As anyone working in digital marketing knows, one of the challenges of working in the industry is staying focused while keeping track of multiple clients, platforms, details, voices, and strategies. Amidst the busyness, it’s good for all of us, even the most seasoned professional, to occasionally get back to the basics. Knowing why you’re executing a plan is just as important as the actual execution of the plan. In the words of Machiavelli, “He who does not lay his foundations beforehand may with great ability do so afterwards but not without great danger to the architect and the building.” Although many of these reminders may be obvious to experienced marketing veterans, reminders are needed to spur us on when the going gets tough. Refer back to this list when you just need a refresher of what exactly you’re supposed to be doing.
The most important thing to remember is why you’re doing what you’re doing. (Hint: you’re trying to communicate your clients’ stories to their target audiences.) Although this sounds obvious, it’s easy to lose sight of why you’re doing what you’re doing when busy season hits and there are a million things to do. A strong understanding of your purpose will influence what you’re doing and how you’re doing what you’re doing. To quote Zig Ziglar, “If you aim at nothing, you’ll hit it every time.”

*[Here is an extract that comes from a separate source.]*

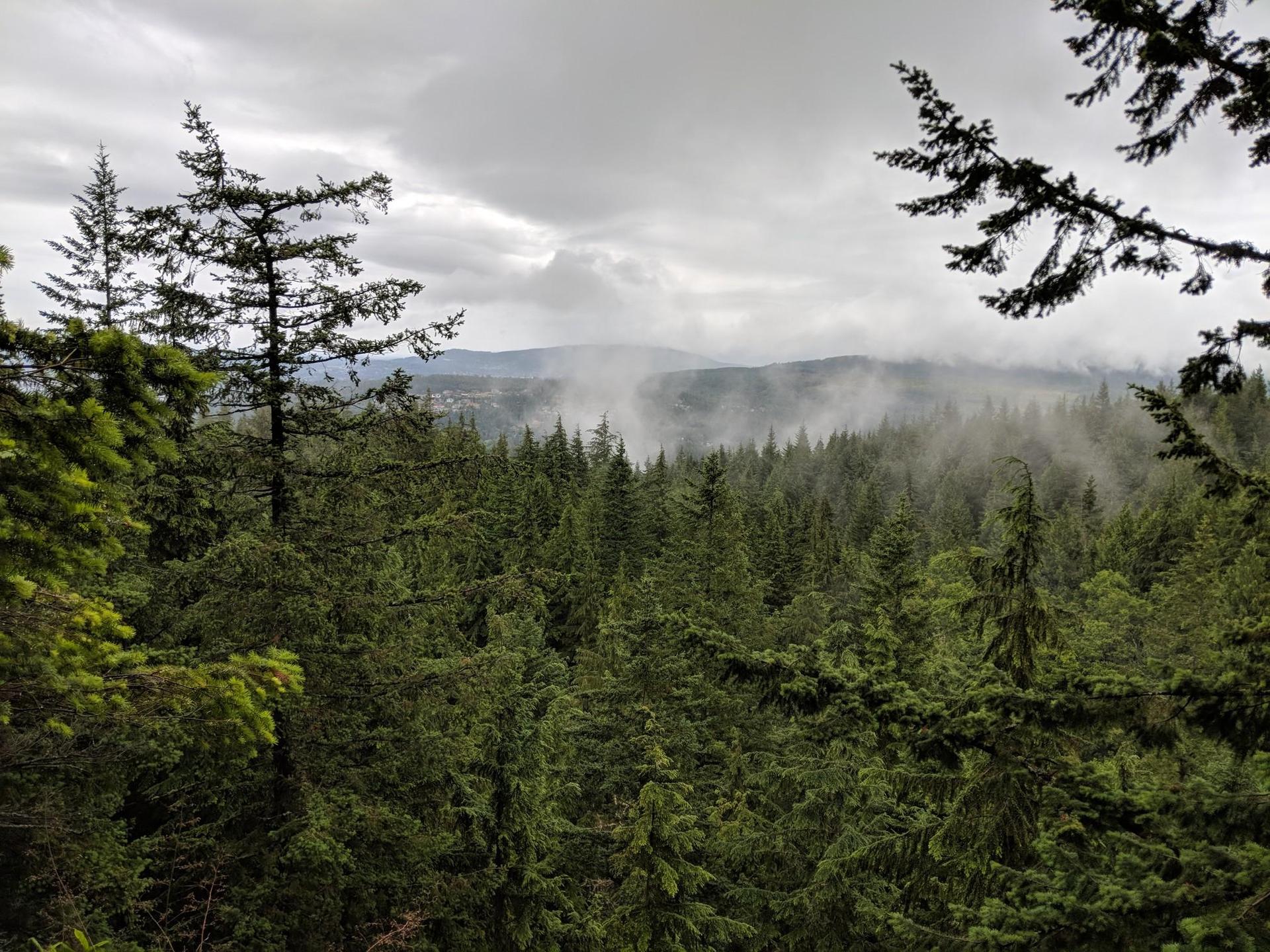 A dense evergreen forest with misty mountains under a cloudy sky.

Keep your content consistent with the native content of the platform you’re posting on. For instance, on Instagram, remember that images rule. This does not mean that you throw captions to the wind. The quality of your copy can either make your photo a grand slam or turn it into mediocre content. Unlike Instagram, Twitter is all about the copy. When you create your content, ask yourself, “If I were the audience I’m trying to reach, would this content catch my eye and draw me to interact with it?” If the answer is no, rework (or in some cases, recreate) your post. Just like copy is to Instagram, media is to Twitter. Adding media to your post, whether a GIF or a photo, can turn your post into something that immediately attracts attention and invites your audience to interact with it. Above all: know your platform.
Each client you’re representing has a unique message they’re trying to communicate and a different audience they’re trying to reach. As a result, every voice is not created equal for every campaign. The voice you use should depend on what the message and desired audience is. This encompasses the language you use, the times you post, and the frequency you post. If your target audience is working professionals, you won’t be posting predominantly on Snapchat during the workday using high school lingo. Know your audience and change your persona accordingly.
Remember, it’s all about the people: both your clients and their audience. If it weren’t for them, you wouldn’t have a job. First, be respectful of your clients and keep them up-to-date on what you’re doing (within reason; they don’t need a play-by-play). View your relationship as a partnership. Don’t trash talk them behind their back (no matter how frustrating they may be). If a client is truly so aggravating that you can’t help but talk about them, choose not to work with them. A good working relationship starts with respect, and that includes what is said behind closed doors. Also, remember that you hold your client’s brand’s image in your hands. Know and embrace the responsibility that involves. Don’t post anything that could compromise their brand standards, but do be creative. Second, be respectful of your client’s audience. Don’t flood them with information that they don’t need or want just for content’s sake. Instead, craft the message you’re trying to relate in a way that’s helpful to them or something they want to see. A successful social marketer understands the audience will interact with what they like as well as what is in front of them. Remember that the message you have may be a message that they want to see but don’t know that they want to see. In order for them to see the message, you need to work to get your content in front of them.
Professions in digital media have the power to take over your life. Social media is at the tip of your fingers at all times. If you are passionate about what you do, it can get easy to let it consume you. Don’t forget to unplug sometimes and get away. Shut off your phone and go to sleep. You can’t be accessible at all times. (I mean, you could be, but that’s not healthy. Get a hobby.) When you leave work, leave work. For some, that may be an easy thing to do. For others, you may be saying, “You don’t understand. My clients need me!” or, “I was unplugged, but then I thought of the perfect tweet that I absolutely need to post!” or, “Last time I unplugged, chaos broke loose. I cannot do that again.” Whatever the case is, it’s not healthy to be constantly connected. Unplug, take a break, go for a run, make a good dinner, or hang out with your friends or family. You’ll be a better communicator if you’ve had time to think and unwind away from the screen.